EXCERPTED RECORDS below:

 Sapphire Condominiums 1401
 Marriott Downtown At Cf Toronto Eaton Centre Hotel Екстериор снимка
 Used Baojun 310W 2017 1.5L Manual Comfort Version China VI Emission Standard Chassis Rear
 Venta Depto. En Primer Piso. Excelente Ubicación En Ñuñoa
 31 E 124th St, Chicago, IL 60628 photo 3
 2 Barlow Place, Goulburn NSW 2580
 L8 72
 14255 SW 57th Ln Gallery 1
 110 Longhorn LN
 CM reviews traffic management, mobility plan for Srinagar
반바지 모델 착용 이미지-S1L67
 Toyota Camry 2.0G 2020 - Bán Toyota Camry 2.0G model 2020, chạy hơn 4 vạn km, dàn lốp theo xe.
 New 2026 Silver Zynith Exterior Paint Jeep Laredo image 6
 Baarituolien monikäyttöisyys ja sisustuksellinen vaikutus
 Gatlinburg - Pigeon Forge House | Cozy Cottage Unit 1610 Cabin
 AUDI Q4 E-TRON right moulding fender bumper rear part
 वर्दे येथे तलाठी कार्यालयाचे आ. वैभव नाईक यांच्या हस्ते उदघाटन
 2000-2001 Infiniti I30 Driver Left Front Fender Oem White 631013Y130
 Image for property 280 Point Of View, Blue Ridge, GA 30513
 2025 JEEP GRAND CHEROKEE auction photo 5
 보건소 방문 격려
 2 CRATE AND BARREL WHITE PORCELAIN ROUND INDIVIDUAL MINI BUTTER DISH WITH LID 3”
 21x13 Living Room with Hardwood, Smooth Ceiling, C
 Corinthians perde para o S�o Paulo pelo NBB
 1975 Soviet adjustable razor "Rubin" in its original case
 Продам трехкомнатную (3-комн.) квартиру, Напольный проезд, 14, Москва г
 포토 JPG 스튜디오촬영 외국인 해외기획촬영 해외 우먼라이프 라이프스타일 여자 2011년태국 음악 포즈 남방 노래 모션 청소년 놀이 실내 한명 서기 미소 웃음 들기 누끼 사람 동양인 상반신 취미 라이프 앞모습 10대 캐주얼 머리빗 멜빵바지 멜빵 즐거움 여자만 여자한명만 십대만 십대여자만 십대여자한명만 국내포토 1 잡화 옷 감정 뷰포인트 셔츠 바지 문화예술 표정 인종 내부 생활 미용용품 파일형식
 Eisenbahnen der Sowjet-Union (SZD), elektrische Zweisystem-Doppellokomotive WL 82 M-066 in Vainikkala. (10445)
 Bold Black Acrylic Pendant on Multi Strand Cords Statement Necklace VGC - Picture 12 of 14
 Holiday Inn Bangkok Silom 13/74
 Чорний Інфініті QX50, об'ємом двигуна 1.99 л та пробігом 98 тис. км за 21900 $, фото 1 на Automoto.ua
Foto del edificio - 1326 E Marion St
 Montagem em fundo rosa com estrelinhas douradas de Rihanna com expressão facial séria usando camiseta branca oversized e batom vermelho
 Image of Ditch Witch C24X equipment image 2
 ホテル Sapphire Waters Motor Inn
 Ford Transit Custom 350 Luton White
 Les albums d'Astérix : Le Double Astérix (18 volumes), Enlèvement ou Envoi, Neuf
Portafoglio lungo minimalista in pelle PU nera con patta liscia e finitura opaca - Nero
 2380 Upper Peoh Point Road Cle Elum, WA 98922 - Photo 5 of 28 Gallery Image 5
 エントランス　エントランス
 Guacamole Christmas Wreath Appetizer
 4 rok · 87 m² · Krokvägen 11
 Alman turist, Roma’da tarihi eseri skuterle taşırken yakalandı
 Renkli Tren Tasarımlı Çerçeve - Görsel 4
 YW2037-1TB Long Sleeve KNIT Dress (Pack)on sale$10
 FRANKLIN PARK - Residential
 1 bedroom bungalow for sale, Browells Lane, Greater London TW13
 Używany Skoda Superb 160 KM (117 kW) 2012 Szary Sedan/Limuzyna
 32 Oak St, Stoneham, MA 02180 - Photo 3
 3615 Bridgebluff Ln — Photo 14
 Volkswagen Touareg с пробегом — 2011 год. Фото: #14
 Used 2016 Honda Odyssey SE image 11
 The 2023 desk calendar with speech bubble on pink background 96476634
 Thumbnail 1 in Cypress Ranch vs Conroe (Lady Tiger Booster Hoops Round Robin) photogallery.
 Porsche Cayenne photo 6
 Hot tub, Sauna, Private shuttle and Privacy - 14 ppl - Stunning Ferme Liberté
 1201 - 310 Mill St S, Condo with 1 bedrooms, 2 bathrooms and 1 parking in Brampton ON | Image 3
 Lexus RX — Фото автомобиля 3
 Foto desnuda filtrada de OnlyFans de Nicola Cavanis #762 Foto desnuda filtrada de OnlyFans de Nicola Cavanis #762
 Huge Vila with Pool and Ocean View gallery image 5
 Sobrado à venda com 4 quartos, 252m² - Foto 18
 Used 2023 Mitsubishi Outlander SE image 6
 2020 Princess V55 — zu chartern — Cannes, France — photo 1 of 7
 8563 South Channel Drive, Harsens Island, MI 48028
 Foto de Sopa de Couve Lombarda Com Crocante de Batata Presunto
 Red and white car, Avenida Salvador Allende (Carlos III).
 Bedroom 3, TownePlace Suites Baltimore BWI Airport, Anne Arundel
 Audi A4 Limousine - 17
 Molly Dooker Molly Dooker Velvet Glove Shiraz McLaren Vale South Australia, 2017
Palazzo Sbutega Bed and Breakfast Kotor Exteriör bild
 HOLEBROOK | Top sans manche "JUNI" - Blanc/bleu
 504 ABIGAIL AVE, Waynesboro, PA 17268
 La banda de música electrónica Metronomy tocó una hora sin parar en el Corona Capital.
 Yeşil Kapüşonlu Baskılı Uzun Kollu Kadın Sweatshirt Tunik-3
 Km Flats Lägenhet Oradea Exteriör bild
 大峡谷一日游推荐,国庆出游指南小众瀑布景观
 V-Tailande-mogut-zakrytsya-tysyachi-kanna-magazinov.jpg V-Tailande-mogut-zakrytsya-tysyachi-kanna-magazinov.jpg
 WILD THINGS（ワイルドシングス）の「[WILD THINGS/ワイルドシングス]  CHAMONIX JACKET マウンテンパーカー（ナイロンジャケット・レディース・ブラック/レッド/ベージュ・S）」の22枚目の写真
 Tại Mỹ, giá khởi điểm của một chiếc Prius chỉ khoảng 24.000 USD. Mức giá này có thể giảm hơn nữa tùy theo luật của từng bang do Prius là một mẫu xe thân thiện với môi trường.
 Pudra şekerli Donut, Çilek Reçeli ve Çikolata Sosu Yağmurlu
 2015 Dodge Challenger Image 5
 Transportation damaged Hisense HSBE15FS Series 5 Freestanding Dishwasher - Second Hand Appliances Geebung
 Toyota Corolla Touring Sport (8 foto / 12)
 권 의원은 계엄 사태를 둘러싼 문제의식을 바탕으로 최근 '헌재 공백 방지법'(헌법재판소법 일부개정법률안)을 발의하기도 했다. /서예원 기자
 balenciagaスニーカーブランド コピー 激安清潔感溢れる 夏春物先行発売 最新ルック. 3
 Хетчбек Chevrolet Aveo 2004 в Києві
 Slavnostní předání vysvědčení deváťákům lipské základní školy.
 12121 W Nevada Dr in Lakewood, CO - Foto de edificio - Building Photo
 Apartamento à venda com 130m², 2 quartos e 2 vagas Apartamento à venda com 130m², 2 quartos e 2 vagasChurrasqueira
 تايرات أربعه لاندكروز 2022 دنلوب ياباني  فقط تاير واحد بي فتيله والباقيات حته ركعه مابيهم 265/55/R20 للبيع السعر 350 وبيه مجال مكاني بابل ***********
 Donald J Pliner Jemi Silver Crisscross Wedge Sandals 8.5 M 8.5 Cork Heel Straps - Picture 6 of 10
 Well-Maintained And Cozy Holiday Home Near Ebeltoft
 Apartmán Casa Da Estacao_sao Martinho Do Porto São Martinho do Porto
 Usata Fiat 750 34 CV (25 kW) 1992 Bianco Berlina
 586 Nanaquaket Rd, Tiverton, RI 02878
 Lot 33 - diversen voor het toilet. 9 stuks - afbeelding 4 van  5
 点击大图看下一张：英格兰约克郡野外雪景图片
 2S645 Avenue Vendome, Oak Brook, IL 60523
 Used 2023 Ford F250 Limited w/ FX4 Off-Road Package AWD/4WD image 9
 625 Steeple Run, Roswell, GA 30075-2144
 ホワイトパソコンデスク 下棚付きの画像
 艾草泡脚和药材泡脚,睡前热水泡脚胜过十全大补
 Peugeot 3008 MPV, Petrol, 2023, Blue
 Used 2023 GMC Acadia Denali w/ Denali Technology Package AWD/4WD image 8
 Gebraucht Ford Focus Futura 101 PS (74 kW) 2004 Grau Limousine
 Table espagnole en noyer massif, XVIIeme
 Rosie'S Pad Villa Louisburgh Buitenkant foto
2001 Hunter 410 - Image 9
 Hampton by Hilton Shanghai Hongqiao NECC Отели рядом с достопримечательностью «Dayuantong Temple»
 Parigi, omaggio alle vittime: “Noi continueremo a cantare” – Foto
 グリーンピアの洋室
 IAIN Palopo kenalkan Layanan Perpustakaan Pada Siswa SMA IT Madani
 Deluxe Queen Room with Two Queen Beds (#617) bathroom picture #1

End of EXCERPTED RECORDS.

Of the entries above, repeat exactly the lines from the line with "1201 - 310 Mill" through the line with "大峡谷一日游推荐,国庆出游指南小众瀑布景观", both of them included.

 1201 - 310 Mill St S, Condo with 1 bedrooms, 2 bathrooms and 1 parking in Brampton ON | Image 3
 Lexus RX — Фото автомобиля 3
 Foto desnuda filtrada de OnlyFans de Nicola Cavanis #762 Foto desnuda filtrada de OnlyFans de Nicola Cavanis #762
 Huge Vila with Pool and Ocean View gallery image 5
 Sobrado à venda com 4 quartos, 252m² - Foto 18
 Used 2023 Mitsubishi Outlander SE image 6
 2020 Princess V55 — zu chartern — Cannes, France — photo 1 of 7
 8563 South Channel Drive, Harsens Island, MI 48028
 Foto de Sopa de Couve Lombarda Com Crocante de Batata Presunto
 Red and white car, Avenida Salvador Allende (Carlos III).
 Bedroom 3, TownePlace Suites Baltimore BWI Airport, Anne Arundel
 Audi A4 Limousine - 17
 Molly Dooker Molly Dooker Velvet Glove Shiraz McLaren Vale South Australia, 2017
Palazzo Sbutega Bed and Breakfast Kotor Exteriör bild
 HOLEBROOK | Top sans manche "JUNI" - Blanc/bleu
 504 ABIGAIL AVE, Waynesboro, PA 17268
 La banda de música electrónica Metronomy tocó una hora sin parar en el Corona Capital.
 Yeşil Kapüşonlu Baskılı Uzun Kollu Kadın Sweatshirt Tunik-3
 Km Flats Lägenhet Oradea Exteriör bild
 大峡谷一日游推荐,国庆出游指南小众瀑布景观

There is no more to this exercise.